Action item: The lines below should be written out again in full, exactly as they are.

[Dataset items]
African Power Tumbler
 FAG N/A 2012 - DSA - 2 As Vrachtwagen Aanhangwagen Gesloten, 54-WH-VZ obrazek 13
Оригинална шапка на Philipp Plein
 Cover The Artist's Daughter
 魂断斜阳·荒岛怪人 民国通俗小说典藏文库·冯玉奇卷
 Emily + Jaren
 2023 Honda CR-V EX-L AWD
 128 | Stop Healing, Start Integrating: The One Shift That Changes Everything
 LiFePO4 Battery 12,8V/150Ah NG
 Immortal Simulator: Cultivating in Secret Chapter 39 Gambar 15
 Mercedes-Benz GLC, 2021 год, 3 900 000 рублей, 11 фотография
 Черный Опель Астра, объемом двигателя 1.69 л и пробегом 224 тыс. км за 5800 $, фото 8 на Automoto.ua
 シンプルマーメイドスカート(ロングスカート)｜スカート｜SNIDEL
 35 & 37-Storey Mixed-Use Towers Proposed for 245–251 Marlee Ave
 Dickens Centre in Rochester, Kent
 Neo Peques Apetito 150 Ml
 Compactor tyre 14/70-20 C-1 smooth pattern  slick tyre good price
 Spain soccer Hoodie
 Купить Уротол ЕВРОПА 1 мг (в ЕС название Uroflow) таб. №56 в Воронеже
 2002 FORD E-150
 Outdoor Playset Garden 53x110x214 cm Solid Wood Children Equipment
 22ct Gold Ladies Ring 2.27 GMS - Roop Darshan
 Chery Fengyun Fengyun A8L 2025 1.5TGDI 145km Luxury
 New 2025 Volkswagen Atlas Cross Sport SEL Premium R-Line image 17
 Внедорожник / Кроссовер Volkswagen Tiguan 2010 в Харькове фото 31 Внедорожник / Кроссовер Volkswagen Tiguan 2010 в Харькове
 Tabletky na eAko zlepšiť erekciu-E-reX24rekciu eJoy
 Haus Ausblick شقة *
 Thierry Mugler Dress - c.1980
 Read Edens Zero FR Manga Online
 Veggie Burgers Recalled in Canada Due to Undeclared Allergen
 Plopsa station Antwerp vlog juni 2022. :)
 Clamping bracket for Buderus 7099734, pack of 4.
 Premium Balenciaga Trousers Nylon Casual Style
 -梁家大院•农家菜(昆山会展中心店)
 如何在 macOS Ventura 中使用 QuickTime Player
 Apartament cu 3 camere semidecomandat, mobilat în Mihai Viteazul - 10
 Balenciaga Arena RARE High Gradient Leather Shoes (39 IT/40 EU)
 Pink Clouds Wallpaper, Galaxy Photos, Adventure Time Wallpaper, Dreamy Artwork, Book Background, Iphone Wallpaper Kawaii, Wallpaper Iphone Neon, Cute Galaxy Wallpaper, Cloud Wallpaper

Answer to the exercise:
African Power Tumbler
 FAG N/A 2012 - DSA - 2 As Vrachtwagen Aanhangwagen Gesloten, 54-WH-VZ obrazek 13
Оригинална шапка на Philipp Plein
 Cover The Artist's Daughter
 魂断斜阳·荒岛怪人 民国通俗小说典藏文库·冯玉奇卷
 Emily + Jaren
 2023 Honda CR-V EX-L AWD
 128 | Stop Healing, Start Integrating: The One Shift That Changes Everything
 LiFePO4 Battery 12,8V/150Ah NG
 Immortal Simulator: Cultivating in Secret Chapter 39 Gambar 15
 Mercedes-Benz GLC, 2021 год, 3 900 000 рублей, 11 фотография
 Черный Опель Астра, объемом двигателя 1.69 л и пробегом 224 тыс. км за 5800 $, фото 8 на Automoto.ua
 シンプルマーメイドスカート(ロングスカート)｜スカート｜SNIDEL
 35 & 37-Storey Mixed-Use Towers Proposed for 245–251 Marlee Ave
 Dickens Centre in Rochester, Kent
 Neo Peques Apetito 150 Ml
 Compactor tyre 14/70-20 C-1 smooth pattern  slick tyre good price
 Spain soccer Hoodie
 Купить Уротол ЕВРОПА 1 мг (в ЕС название Uroflow) таб. №56 в Воронеже
 2002 FORD E-150
 Outdoor Playset Garden 53x110x214 cm Solid Wood Children Equipment
 22ct Gold Ladies Ring 2.27 GMS - Roop Darshan
 Chery Fengyun Fengyun A8L 2025 1.5TGDI 145km Luxury
 New 2025 Volkswagen Atlas Cross Sport SEL Premium R-Line image 17
 Внедорожник / Кроссовер Volkswagen Tiguan 2010 в Харькове фото 31 Внедорожник / Кроссовер Volkswagen Tiguan 2010 в Харькове
 Tabletky na eAko zlepšiť erekciu-E-reX24rekciu eJoy
 Haus Ausblick شقة *
 Thierry Mugler Dress - c.1980
 Read Edens Zero FR Manga Online
 Veggie Burgers Recalled in Canada Due to Undeclared Allergen
 Plopsa station Antwerp vlog juni 2022. :)
 Clamping bracket for Buderus 7099734, pack of 4.
 Premium Balenciaga Trousers Nylon Casual Style
 -梁家大院•农家菜(昆山会展中心店)
 如何在 macOS Ventura 中使用 QuickTime Player
 Apartament cu 3 camere semidecomandat, mobilat în Mihai Viteazul - 10
 Balenciaga Arena RARE High Gradient Leather Shoes (39 IT/40 EU)
 Pink Clouds Wallpaper, Galaxy Photos, Adventure Time Wallpaper, Dreamy Artwork, Book Background, Iphone Wallpaper Kawaii, Wallpaper Iphone Neon, Cute Galaxy Wallpaper, Cloud Wallpaper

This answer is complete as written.